• Exercise aim: When you reach the line containing "HentaiVN.net - Ảnh", please repeat it and every line after it exactly, through the end of the listing below, skipping pictures.

• Information:
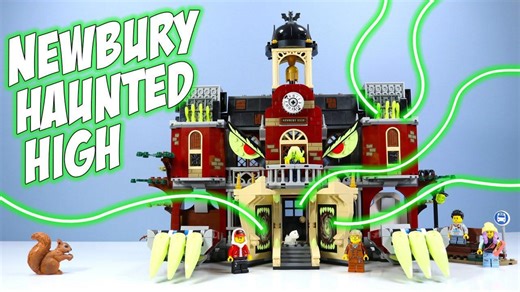 Lego Hidden Side Newbury Haunted High School Speed Build Review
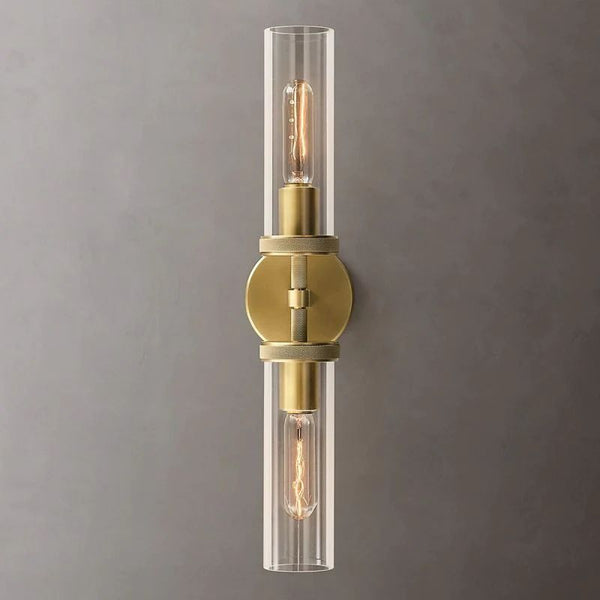 Lambet Round Linear Short Bathroom Wall Sconce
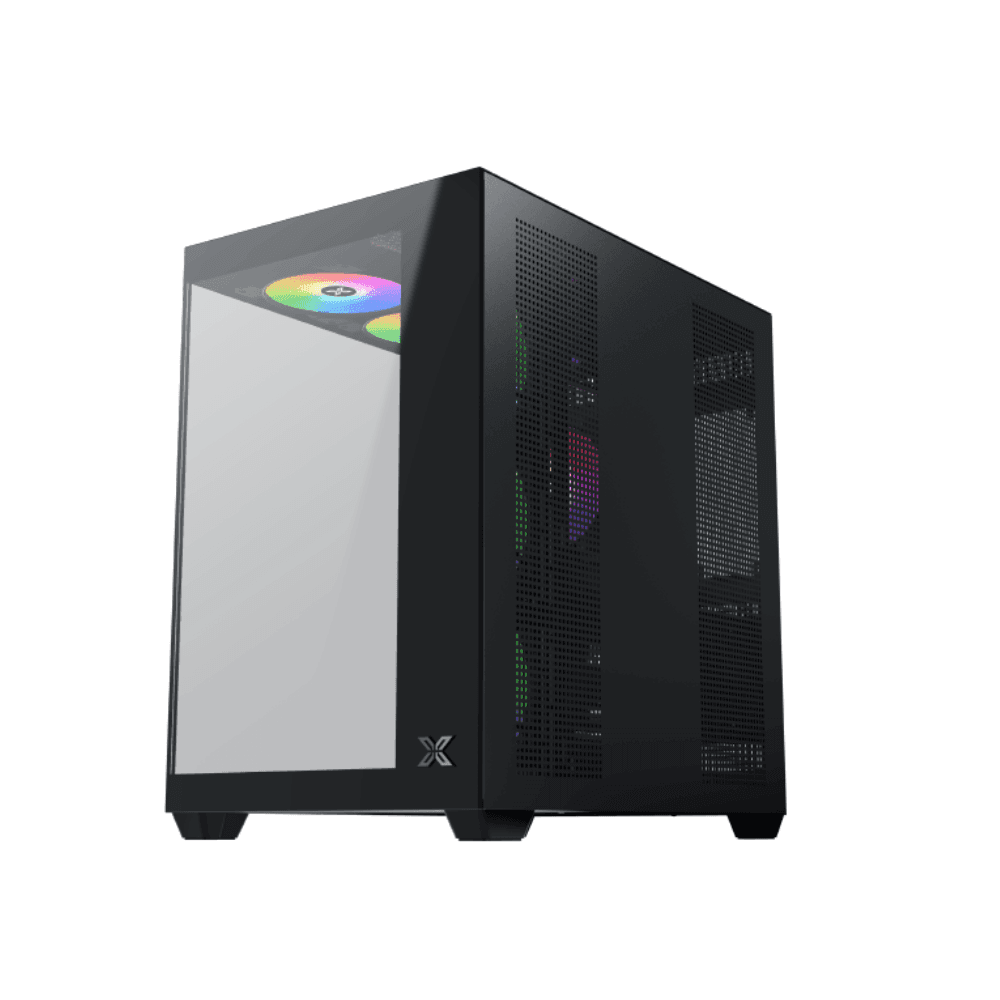 XIGMATEK AQUA V AIR – ATX Mid-Tower PC Case – Black — thumbnail 3 of 5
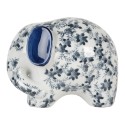Clayre & Eef Decorative Figurine Elephant 17x10x11 cm White Blue Ceramic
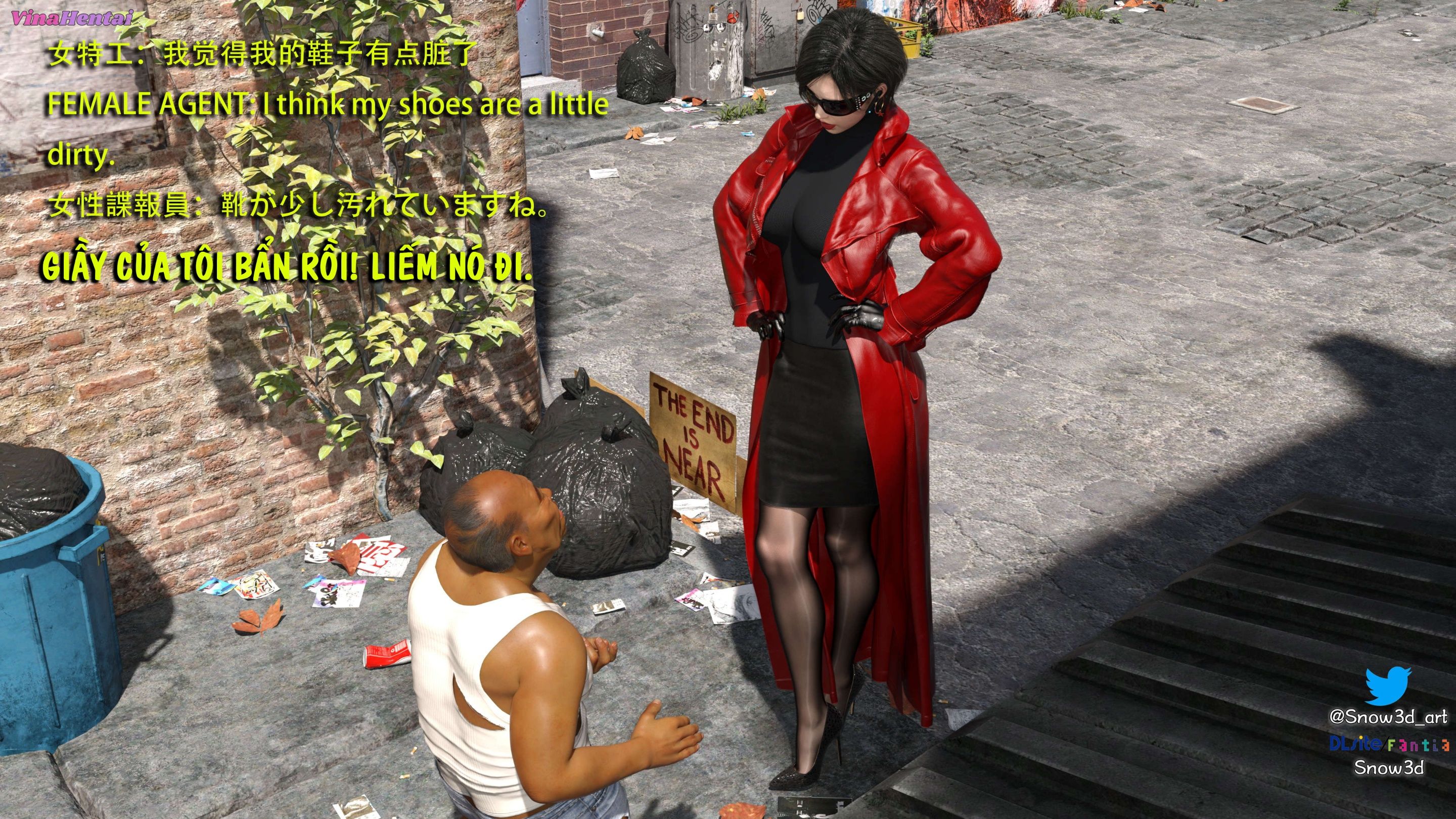 HentaiVN.net - Ảnh 16 - Ada Wong Và Kẻ Ăn Mày - Chap 1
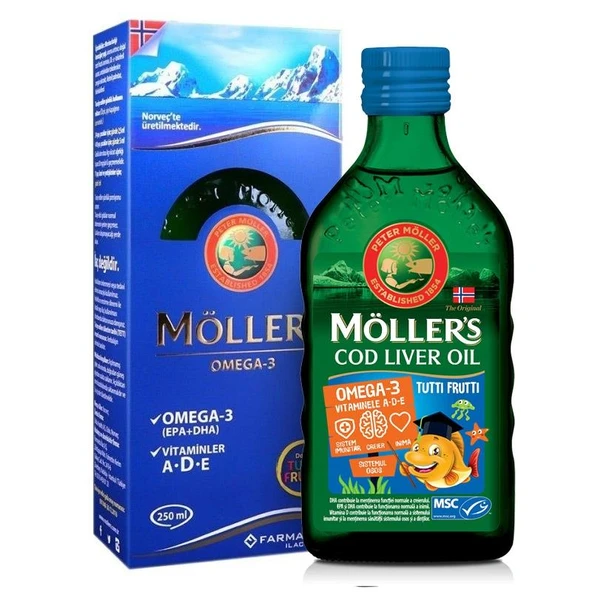 Möllers Omega-3 Balık Yağı Sıvı Formu 250 ml ürün görseli 1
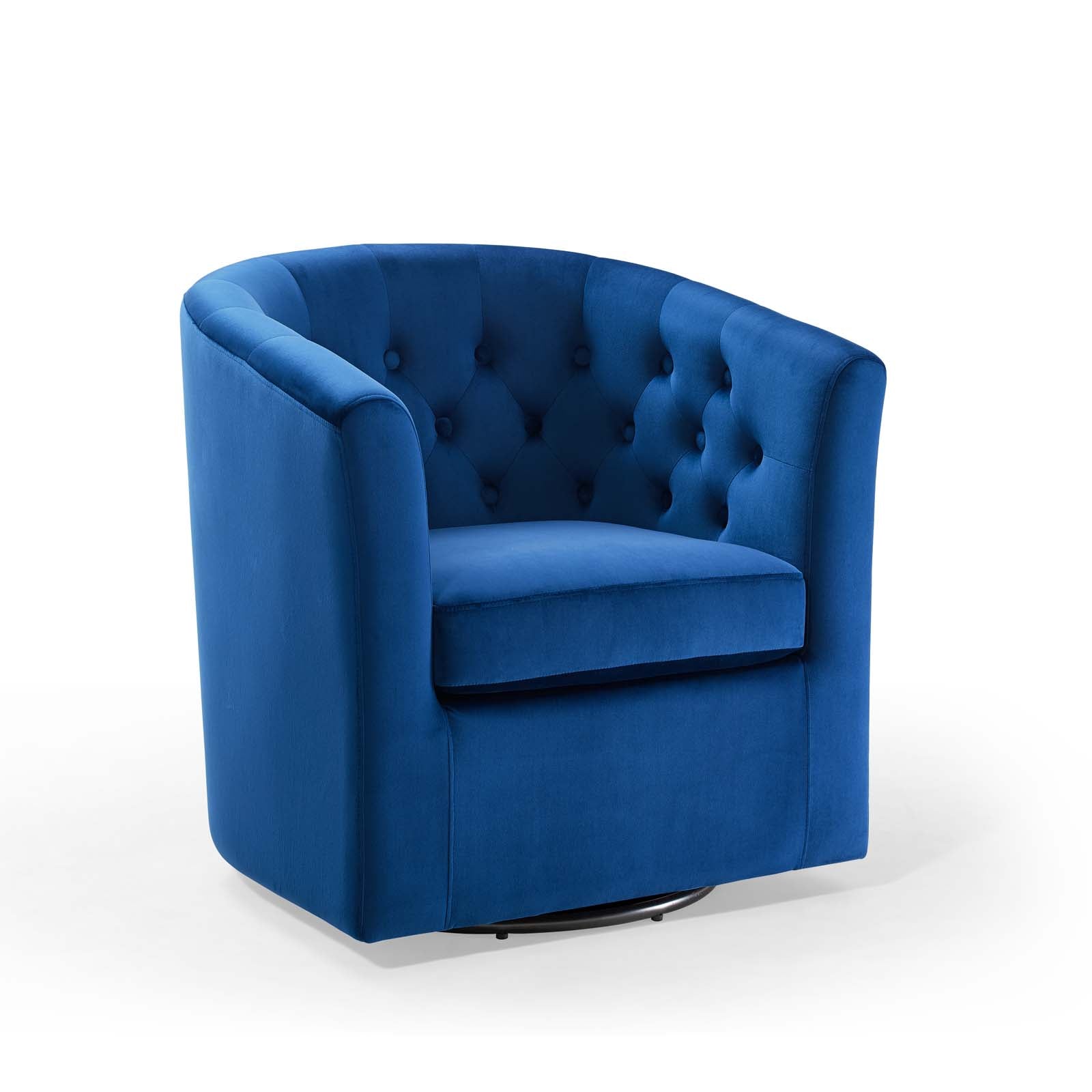 Modway Accent Chairs - Prospect Tufted Performance Velvet Swivel Armchair Navy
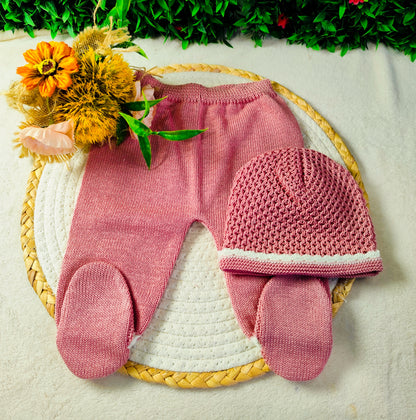 Conjunto malha laços pérola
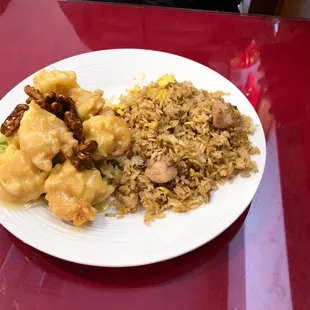 Honey walnut prawns Yum Yum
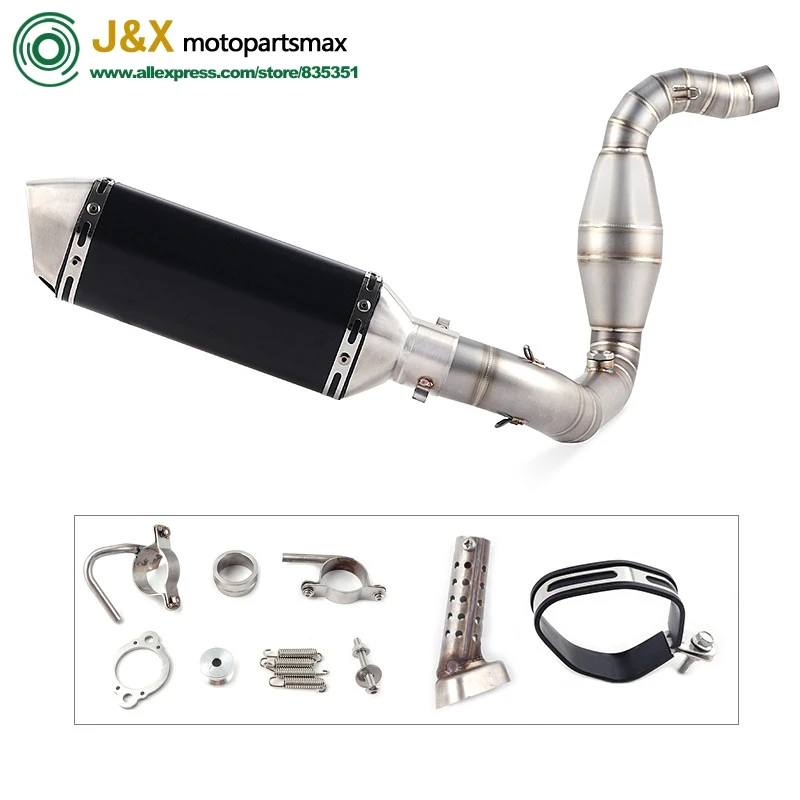 Мотоцикл Полная система глушитель Escape Slip On для bmw G310R G310GS G 310R 310GS средняя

• Solution to this exercise:
 HentaiVN.net - Ảnh 16 - Ada Wong Và Kẻ Ăn Mày - Chap 1
 Möllers Omega-3 Balık Yağı Sıvı Formu 250 ml ürün görseli 1
 Modway Accent Chairs - Prospect Tufted Performance Velvet Swivel Armchair Navy
 Conjunto malha laços pérola
 Honey walnut prawns Yum Yum
 Мотоцикл Полная система глушитель Escape Slip On для bmw G310R G310GS G 310R 310GS средняя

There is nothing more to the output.